■ Task description ■
Please repeat the records word for word and skip the pictures.
Segment Start: Records shown
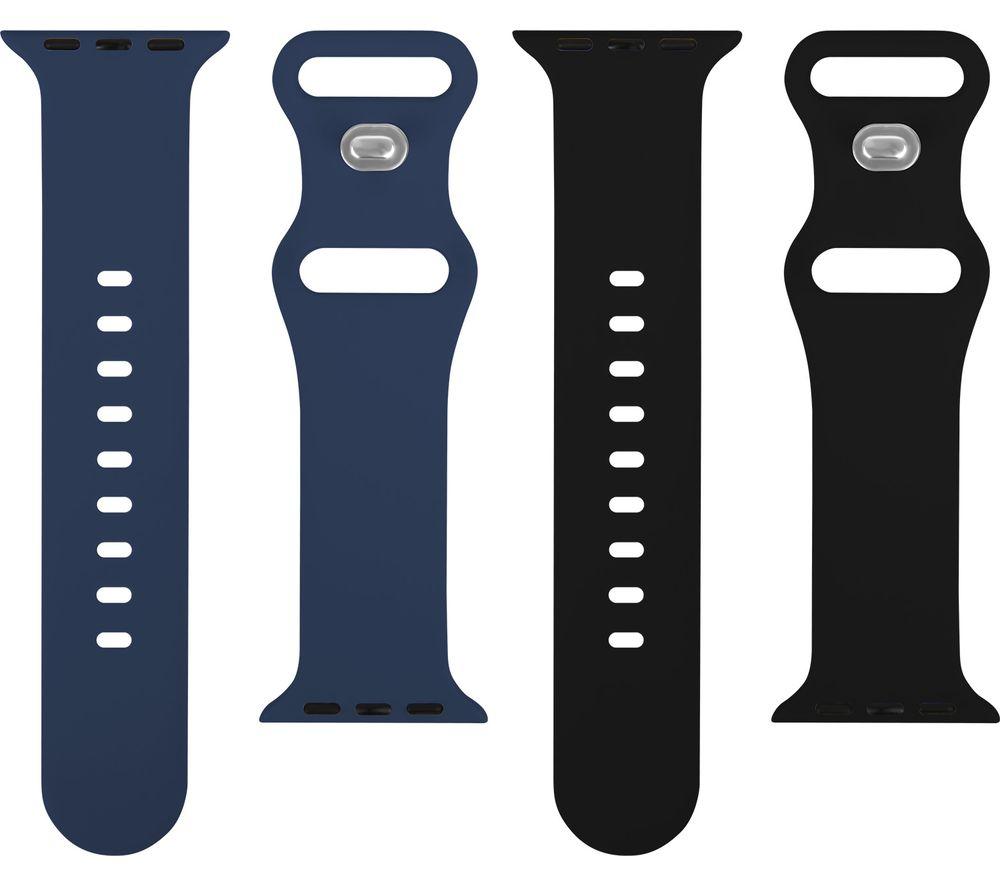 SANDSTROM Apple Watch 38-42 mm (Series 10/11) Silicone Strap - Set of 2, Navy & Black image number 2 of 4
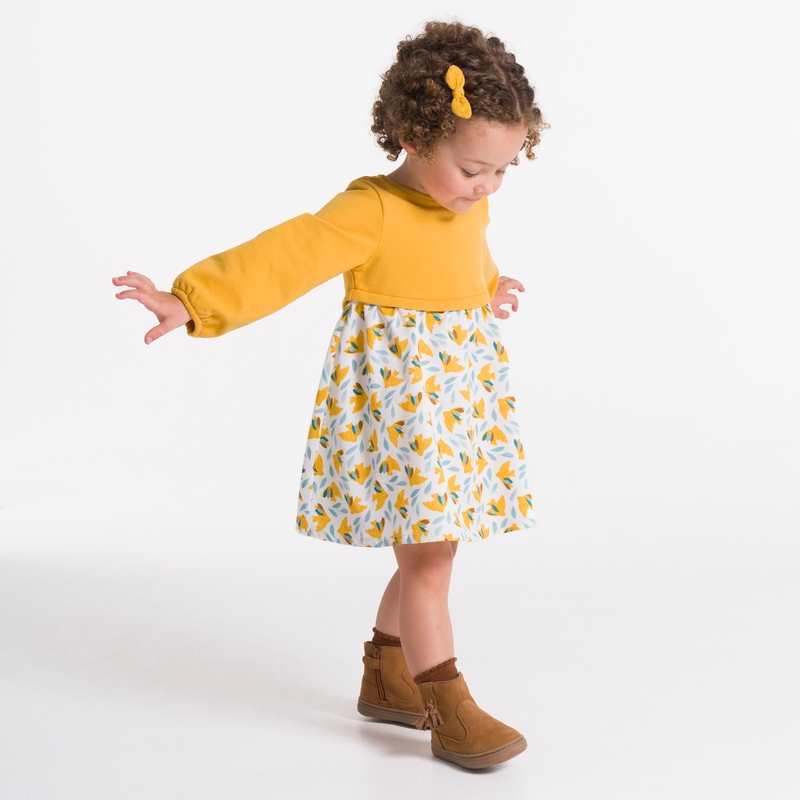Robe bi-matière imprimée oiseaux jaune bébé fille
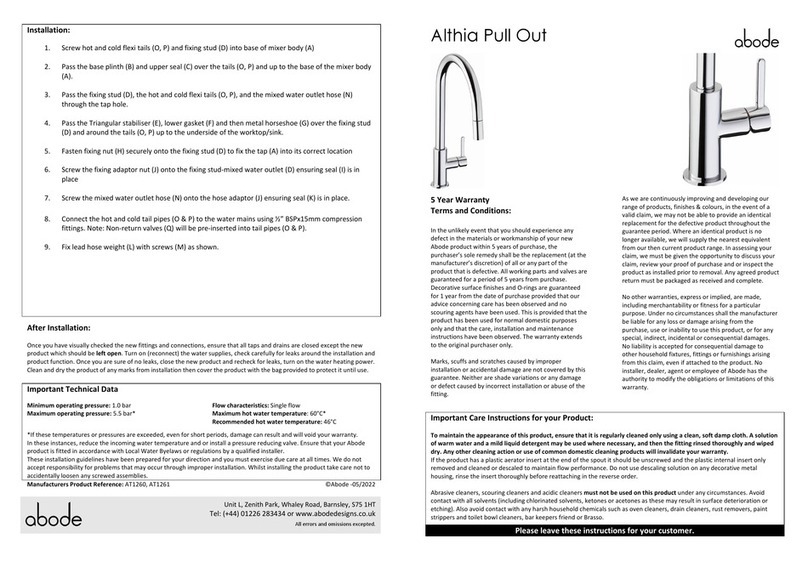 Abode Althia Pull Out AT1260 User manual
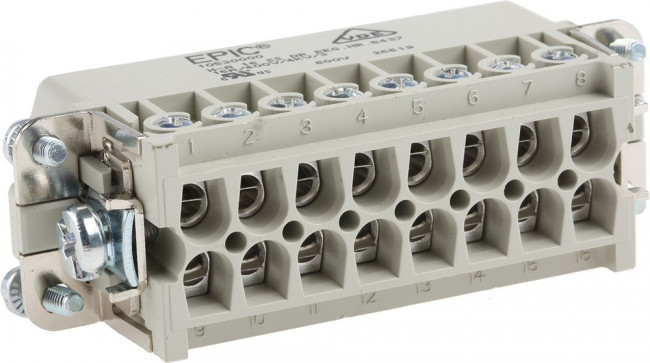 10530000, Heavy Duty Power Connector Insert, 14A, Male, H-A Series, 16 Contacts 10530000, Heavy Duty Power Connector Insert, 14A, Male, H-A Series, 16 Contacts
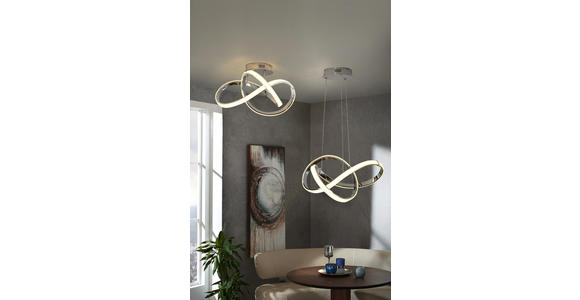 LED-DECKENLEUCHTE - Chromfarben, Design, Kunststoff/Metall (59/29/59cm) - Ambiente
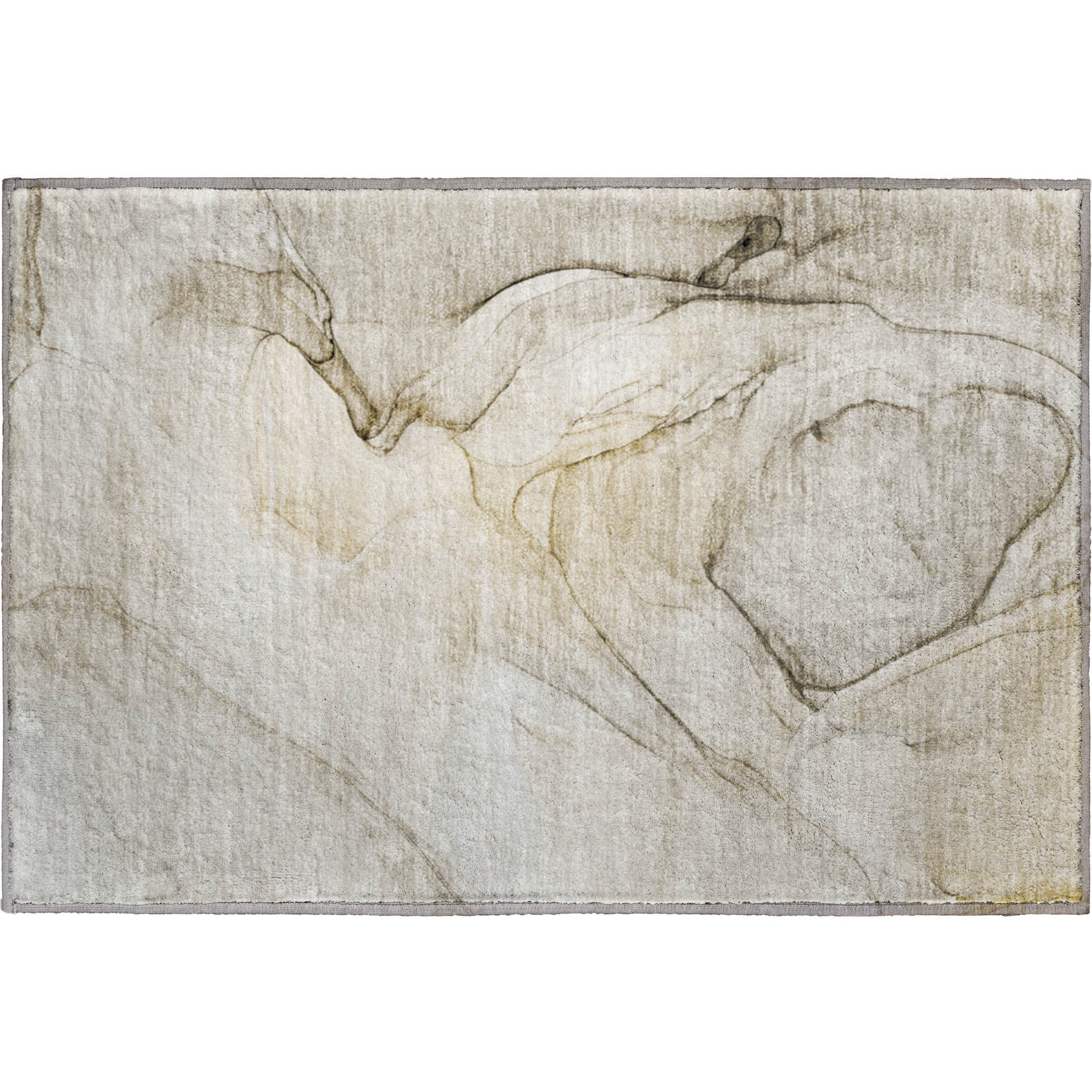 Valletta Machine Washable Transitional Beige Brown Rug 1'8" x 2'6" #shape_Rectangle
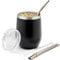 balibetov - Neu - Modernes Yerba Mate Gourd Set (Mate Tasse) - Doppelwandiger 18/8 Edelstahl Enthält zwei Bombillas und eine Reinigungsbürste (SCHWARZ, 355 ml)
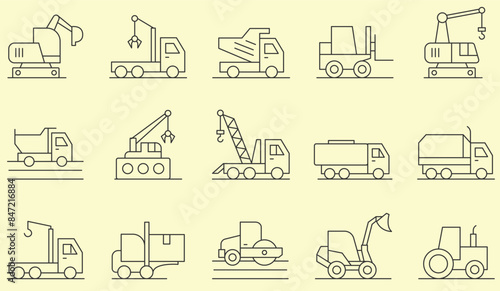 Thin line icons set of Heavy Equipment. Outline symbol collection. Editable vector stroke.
Segment End: Records shown
■ Solution to this task ■
 SANDSTROM Apple Watch 38-42 mm (Series 10/11) Silicone Strap - Set of 2, Navy & Black image number 2 of 4
Robe bi-matière imprimée oiseaux jaune bébé fille
 Abode Althia Pull Out AT1260 User manual
 10530000, Heavy Duty Power Connector Insert, 14A, Male, H-A Series, 16 Contacts 10530000, Heavy Duty Power Connector Insert, 14A, Male, H-A Series, 16 Contacts
 LED-DECKENLEUCHTE - Chromfarben, Design, Kunststoff/Metall (59/29/59cm) - Ambiente
 Valletta Machine Washable Transitional Beige Brown Rug 1'8" x 2'6" #shape_Rectangle
 balibetov - Neu - Modernes Yerba Mate Gourd Set (Mate Tasse) - Doppelwandiger 18/8 Edelstahl Enthält zwei Bombillas und eine Reinigungsbürste (SCHWARZ, 355 ml)
 Thin line icons set of Heavy Equipment. Outline symbol collection. Editable vector stroke.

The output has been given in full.